Сообщаю тебе, что я с каждым днем все более угоден принцу. Льщу себя мыслью, что тебе будет приятно об этом узнать. Но вместе с тем на меня возлагается новое бремя. Оно, может быть, возрасту моему и полезно, но хорошо бы это было совместимо с достоинством. А тобою он восхищается и хранит и чтит тебя в своем сердце.
Будь здоров, и если представится случай, пошли мне что-нибудь из твоих сочинений; жду их с нетерпением».
Бегущий от битв, которые он старался замирять, страшащийся союза с напирающей Реформацией, избегающий зависимости от милостивого к нему апостольского престола, более всего на свете дороживший своей суверенностью; многоученый, но открытый вожделеющему знания миру, бесконечно трудолюбивый, но хранящий в себе любовь не только к трудам своим, но и к тем, ради кого они вершатся, кроткий и одинокий, тонкий ум и нежная душа — великий Эразм оказался адамантовой скрепой той традиции, которая сохранила для Европы единство ее античных истоков с христианством, традиции, которую мы по праву называем гуманистической и в русле которой мы до сих пор, не противореча себе, можем говорить о хранящей тождество с самою собой и узнающей себя в бурях и водоворотах почти трехтысячелетней истории европейской духовности.
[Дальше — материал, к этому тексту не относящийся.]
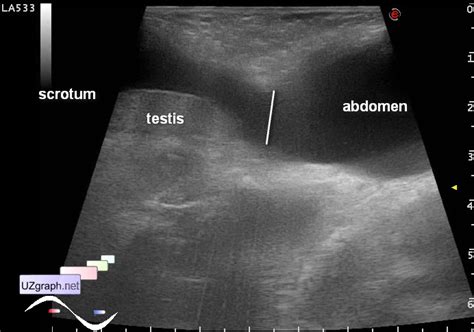 Scrotum Sonography Scrotum Cyst Like Hydrocele Clinical Report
И поэтому еще и сегодня — и даже в особенности сегодня, — когда Европа потеряла свою исключительность и стала такой маленькой, когда греко-римская античность тоже стала всего лишь одной из множества древних культур, когда все меньше людей на земле верит в Христа (в то время как даже самые прогрессивные историки признают его историчность), итак, сегодня Эразм отнюдь не забыт: гуманистический пафос его деятельности близок нам и опыт его судьбы остается одним из драгоценнейших общечеловеческих опытов*.
______
* Статья написана в 1986 г. как pia meditatio на 450-летие со дня смерти Эразма.
Примечания:
1 О биографии Эразма см. Allen P. St. Erasmus. Oxford, 1934; Huizinga J. Erasmus and the age of Reformation. N. Y., 1957; Huma A. The life of Desiderius. Erasmus Assen, 1972.
2 Письма Эразма и к Эразму здесь и далее переведены по изданию: Opus epistolarum, rec. P. St. Allen, Osonii, 1906 – 1958. Т. 1 – 12.
3 Об Эразме и английских гуманистах см. подробнее в кн.: Seebohm E. The Oxford reformers Colet, Erasmus and More. L.; N. Y., 1938; Reynolds E. E. Thomas More and Erasmus. N. Y., 1965.
4 См.: Jones R. D. Erasmus and Luther. L., 1968.
5 Цит. по: Desiderii Erasmi Opera omnia. Lugduni Batavorum, 1706. Vol. 10. P. 1217.